Sembra che la schiavitù non sia poi così brutta. Nell’antichità esisteva la possibilità della schiavitù volontaria. Uno a un certo punto, per qualche ragione non riusciva più ad andare avanti, per un crollo economico, per uno stato di disoccupazione irrisolvibile, o perché impaurito dal mondo, dai soprusi, dalla ingiustizia, o anche solo per uno sconforto psichico grave, e allora si dava come schiavo a un ricco. E il ricco lo usava come voleva. Se sapeva leggere e scrivere lo impiegava come archivista o come contabile; se no come cameriere, come cuoco se sapeva cucinare, o come facchino addetto alla portantina, oppure lo mandava in campagna a zappare, falciare, mungere; se era robusto a spaccare le pietre, a selciare una strada, e così via, gli impieghi potevano essere tantissimi.

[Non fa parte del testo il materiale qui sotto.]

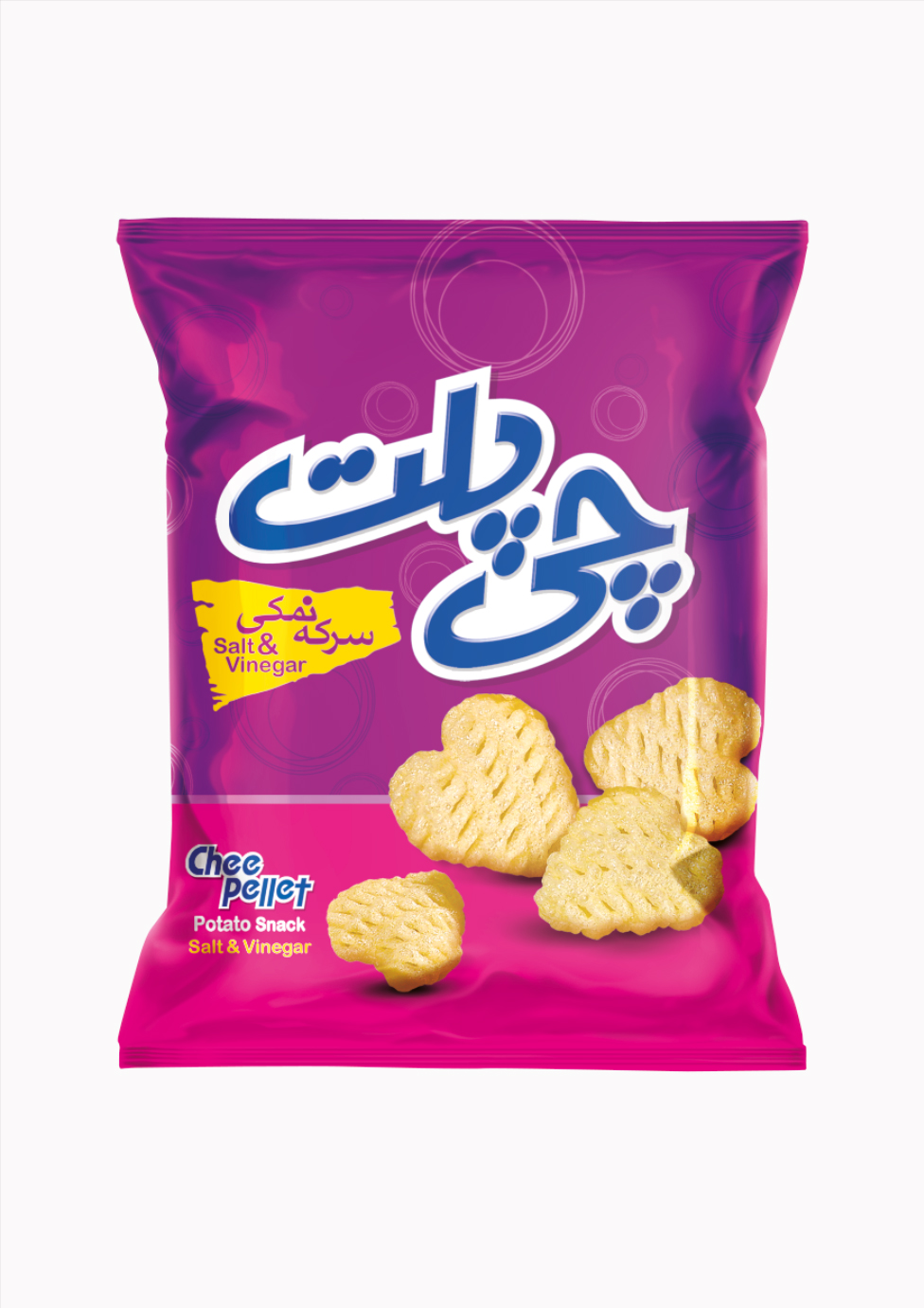 علامت تجاری چي پلت  متعلق به شرکت صنایع غذایی دینا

Non riceveva stipendio o altre forme di emolumento, ma aveva garantito il vitto e l’alloggio, pur che non commettesse qualche cavolata o fosse eccessivamente scansafatiche. In tal caso veniva punito, come da regolamento, o come al padrone girava. Era schiavo, certo, socialmente al gradino più basso, però era come se avesse un contratto a tempo indeterminato; il padrone lo comandava, ma doveva anche provvedere a lui, prendersi le responsabilità, dirigergli la vita, cioè sobbarcarsi tutti i problemi che un uomo libero incontra. Lo schiavo volontario tornava nella condizione di un bambino e il padrone era una specie di padre. Rari erano i casi di maltrattamenti eccessivi, al padrone non conveniva.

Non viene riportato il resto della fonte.